Is there a way to replace key-value pairs within a dictionary by specific values from another dictionary?

Question

The following three dictionaries are given:

The information has been extracted from a tree structure. The dictionaries show the parent-child relationship.

root
|
|_A
| |__C
| |
| |__D
|    |
|    |__E
|    |  
|    |__F
|
|__B

dict1 = {"A":300, "B":200}
dict2 = {"A": {"C":100, "D":200}}
dict3 = {"D": {"E":100, "F":100}} 

The result should look like this:

dict_result = {"C":100, "E":100, "F":100, "B":200}

"A" (key and value) in Dict1 should be replaced with the value from Dict2 with the key "A". The same should be applied for "D" in Dict2 with the specific value from Dict3. The order of the result should look like showed above in dict_result.
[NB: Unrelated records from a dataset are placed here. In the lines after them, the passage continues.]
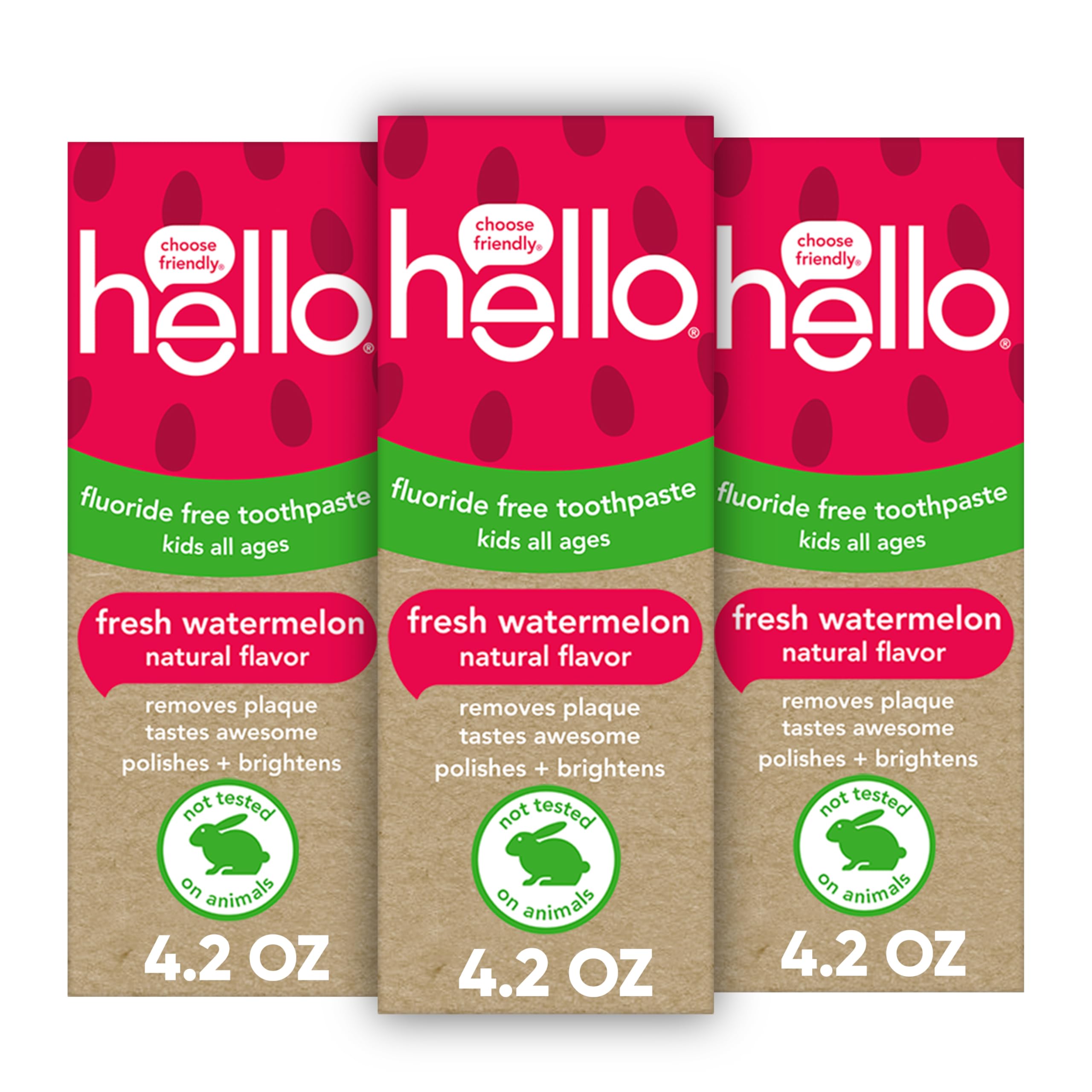 Three 4.2 oz tubes of Hello Fresh Watermelon Fluoride Free Kids Toothpaste in a 3-pack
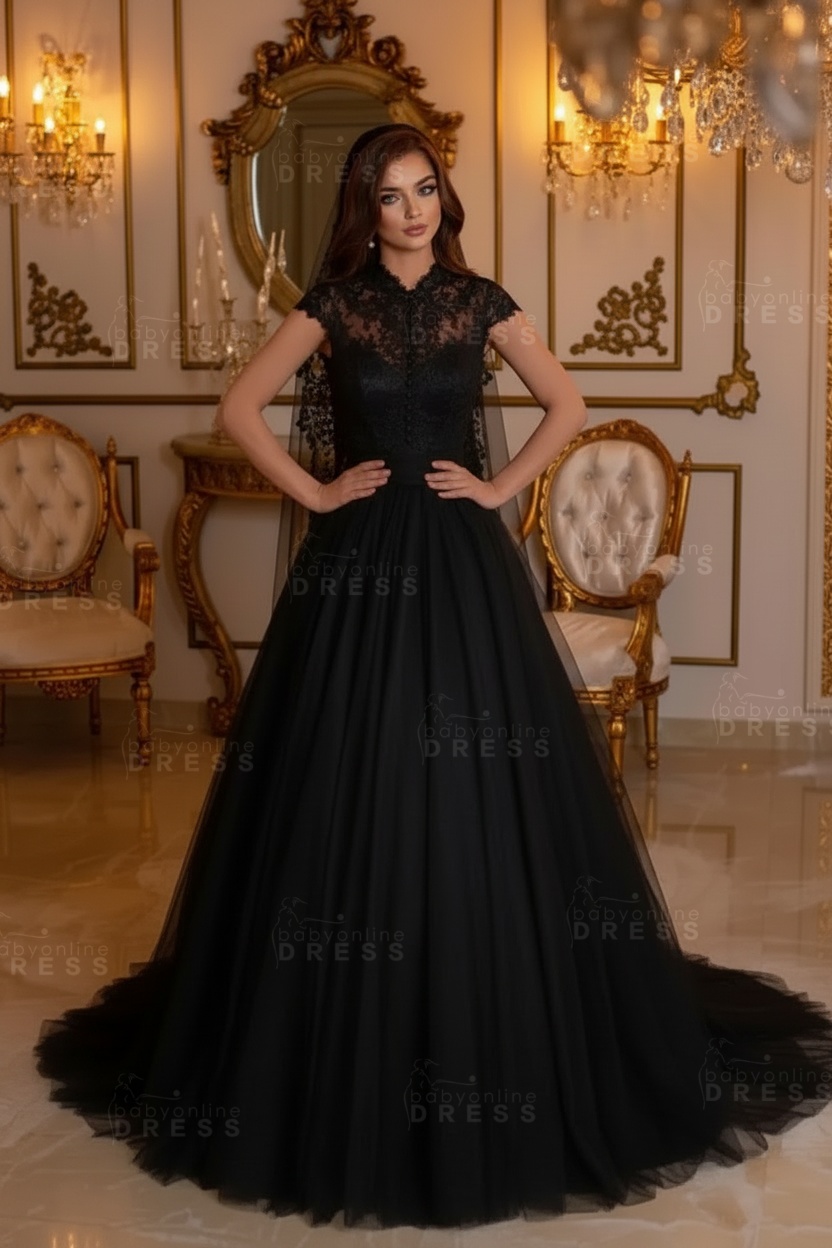 Cap Sleeves High Neck Tulle Long Lace A-line Wedding Dress 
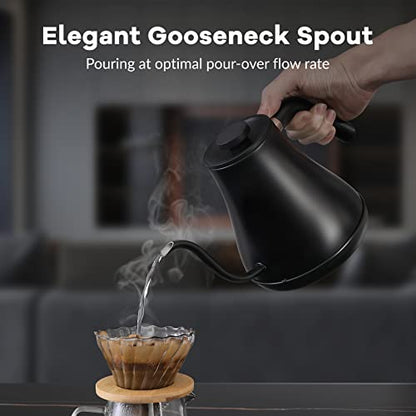 Mecity Electric Kettle Gooseneck Pour Over Kettle ±1℉ Temperature Control Quick Heating Water Boiler for Coffee & Tea & Formula Auto Shut Off Tea Kettle 1200 Watt, 0.8L, Matt Black, Barista Edition - color: Matt Black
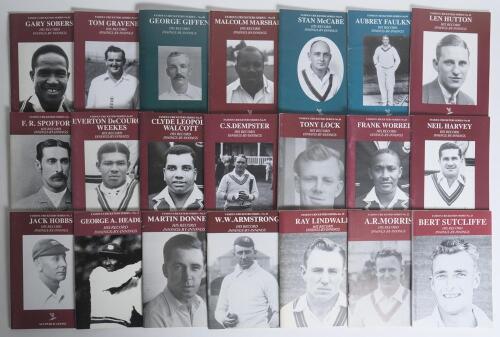Association of Cricket Statisticians publications. Good run of thirty five &lsquo;Famous Cricketers Series&rsquo; booklets comprising numbers 1 (Jack Hobbs 2nd edition), 5, 8, 10, 19, 22-24, 29, 33, 35-37, 40, 42, 43, 48, 52, 54, 59, 65, 67, 71, 73, 76, 78, 79, 84, 8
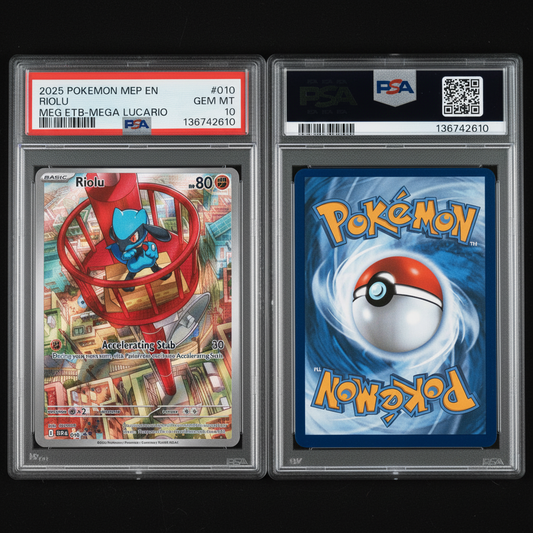 Riolu 010 2025 Pokémon MEP EN Mega Lucario Promo PSA 10 Gem Mint – front view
I tried some recursive stuff and with a try, I combined all the dicitonaries into one nested one, but I still can't find a solution

dict_nested = {"A":{"C":100, "D":{"E":100, "F":100}}, "B":200}

additional Information:

• Dict1 has already Information about "A". But there is some more specific information within other sources which we dont want to loose.
• The order of every Dictionary is important and should not changed.
• Dtypes of keys are always strings / Dtypes of values are either Integers or another dictionary (somtimes nested).

Answer 1

So, assuming all the rest of the dictionaries are similar in type to dict2 and dict3 (and only dict1 is different), you can use the following recursion:

from typing import List, Dict

def func(dct: Dict[str, int], rest: List[Dict[str, Dict[str, int]]]):
    if not rest:
        return dct
    first = rest[0]
    res = {}
    for key, value in dct.items():
        if key in first:
            res.update(first[key])
        else:
            res[key] = value
    return func(res, rest[1:])

And then, to use it in the following way:

dict1 = {"A":300, "B":200}
dict2 = {"A": {"C":100, "D":200}}
dict3 = {"D": {"E":100, "F":100}}
func(dict1, [dict2, dict3])  # {'C': 100, 'E': 100, 'F': 100, 'B': 200}